What you have to do:
Starting at the first line of the records and stopping at the line that contains "Magic Emperor ราชาจอมเวทย์", transcribe every line exactly and leave out the pictures.

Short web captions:
»»
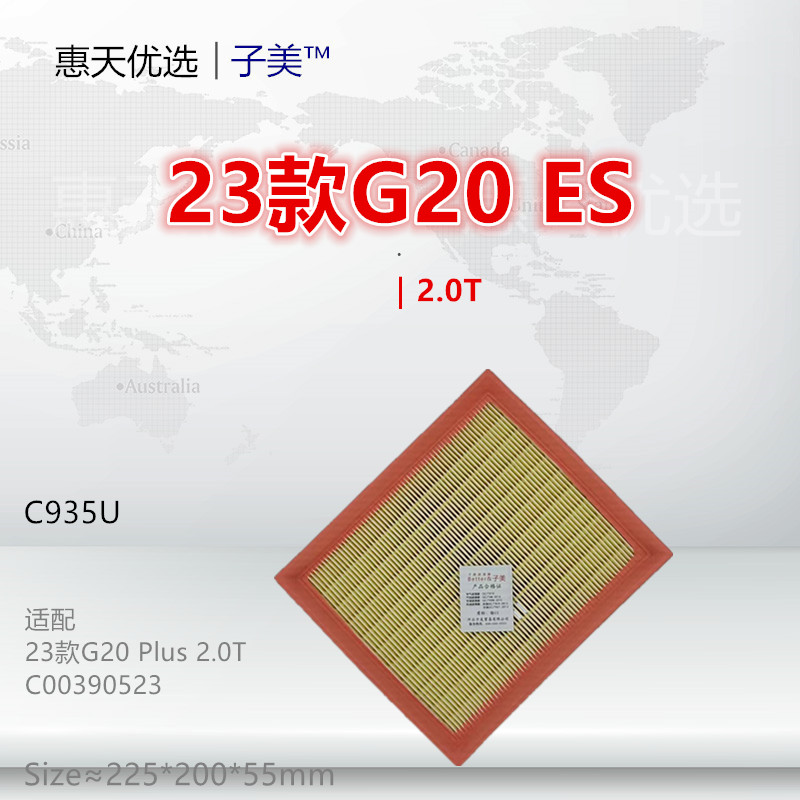 子美净化G20空气滤芯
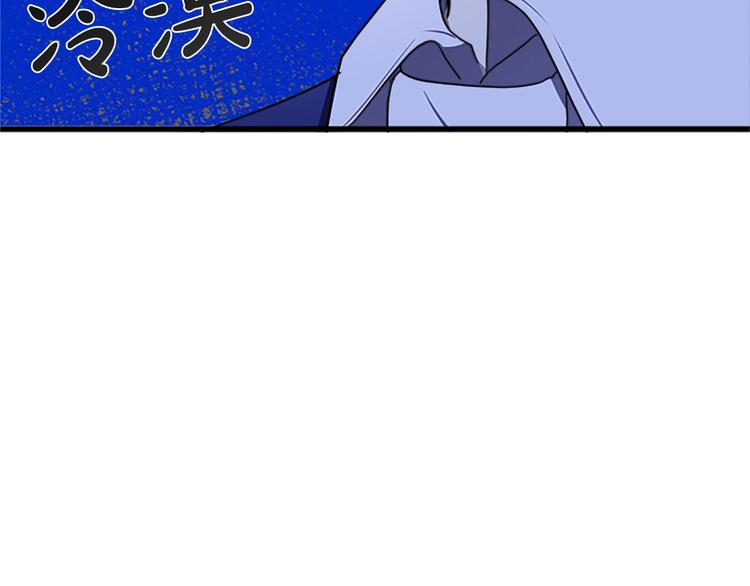 第26话35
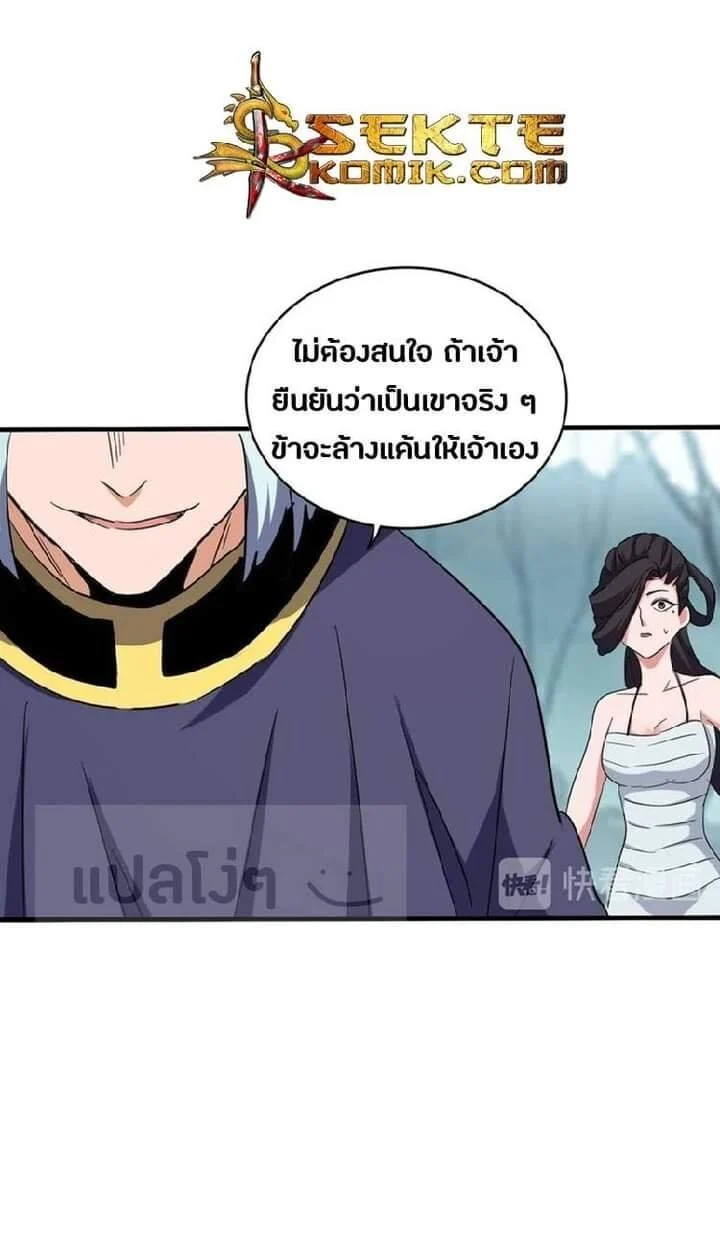 Magic Emperor ราชาจอมเวทย์ ตอนที่ 121 page 22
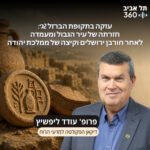 חפירות תל עזקה פרק 30 | עזקה בתקופת הברזל 2ג׳:חזרתה של עיר הגבול ומעמדה לאחר חורבן ירושלים וקיצה של ממלכת יהודה חפירות תל עזקה פרק 30 | עזקה בתקופת הברזל 2ג׳:חזרתה של עיר הגבול ומעמדה לאחר חורבן ירושלים וקיצה של ממלכת יהודה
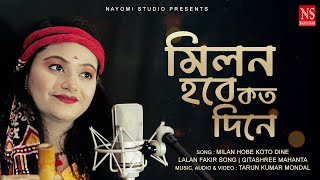 মিলন হবে কত দিনে Milon Hobe Koto Dine  lalan fakir song by Gitashree baulgaan [upl. by Jobyna]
««
Task answer:
 子美净化G20空气滤芯
 第26话35
 Magic Emperor ราชาจอมเวทย์ ตอนที่ 121 page 22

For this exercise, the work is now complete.